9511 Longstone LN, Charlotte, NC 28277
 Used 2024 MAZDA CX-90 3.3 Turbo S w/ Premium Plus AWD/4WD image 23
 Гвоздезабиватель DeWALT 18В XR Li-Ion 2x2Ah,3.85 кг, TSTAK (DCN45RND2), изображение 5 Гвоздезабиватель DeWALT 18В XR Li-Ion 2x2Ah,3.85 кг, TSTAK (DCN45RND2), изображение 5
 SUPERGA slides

Problem statement:
Write out only the final block of lines, starting at the line with "изображение 5 Гвоздезабиватель" and running to the end of the material.

Result:
 Гвоздезабиватель DeWALT 18В XR Li-Ion 2x2Ah,3.85 кг, TSTAK (DCN45RND2), изображение 5 Гвоздезабиватель DeWALT 18В XR Li-Ion 2x2Ah,3.85 кг, TSTAK (DCN45RND2), изображение 5
 SUPERGA slides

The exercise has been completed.